Researchers have identified an effective and rapid response to protect the patient from developing multiple infections at once and the patients who receive bone marrow transplant are vulnerable to fatal infections.
Scientists are developing a way to inject designer immune cells into transplant patients to help fight off severe viral infections. Broad-spectrum T cells appear to effectively treat the viral infections that commonly follow a hematopoietic stem cell transplant, researchers reported.
Bone marrow transplants save thousands of lives but patients are vulnerable to infection for months until their new immune system kicks in. Anti-viral medications don’t work very well. Scientists have long wanted to treat those patients with virus fighting T cells from healthy donors but it requires a custom-made dose that is too complicated and costly to be practical.
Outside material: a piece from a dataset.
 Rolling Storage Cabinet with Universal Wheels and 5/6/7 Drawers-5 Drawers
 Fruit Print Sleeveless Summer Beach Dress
Now, researchers at Baylor College of Medicine report a faster and easier way. They brewed T cells in a laboratory that could fight five different viruses at once and took just 10 days to create. The next step is trying to create a bank of these cells that could provide off-the-shelf treatment.
“These viruses are a huge problem, and there’s a huge need for these products,” said Dr. Ann Leen, who leads a team at Baylor College of Medicine and Texas Children’s Hospital that found an easier way to produce these long-desired designer T cells.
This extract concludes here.